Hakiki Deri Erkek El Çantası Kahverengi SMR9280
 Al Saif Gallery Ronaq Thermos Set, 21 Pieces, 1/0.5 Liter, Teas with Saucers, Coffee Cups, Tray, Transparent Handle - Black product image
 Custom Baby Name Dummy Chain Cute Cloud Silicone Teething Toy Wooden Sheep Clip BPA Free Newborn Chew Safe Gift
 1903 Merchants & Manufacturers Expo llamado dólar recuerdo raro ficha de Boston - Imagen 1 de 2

◆ **Exercise directions**
All lines from the one containing "Al Saif Gallery" to the last line above should be reproduced exactly, and no other lines should be given.

◆ **Solved problem**
 Al Saif Gallery Ronaq Thermos Set, 21 Pieces, 1/0.5 Liter, Teas with Saucers, Coffee Cups, Tray, Transparent Handle - Black product image
 Custom Baby Name Dummy Chain Cute Cloud Silicone Teething Toy Wooden Sheep Clip BPA Free Newborn Chew Safe Gift
 1903 Merchants & Manufacturers Expo llamado dólar recuerdo raro ficha de Boston - Imagen 1 de 2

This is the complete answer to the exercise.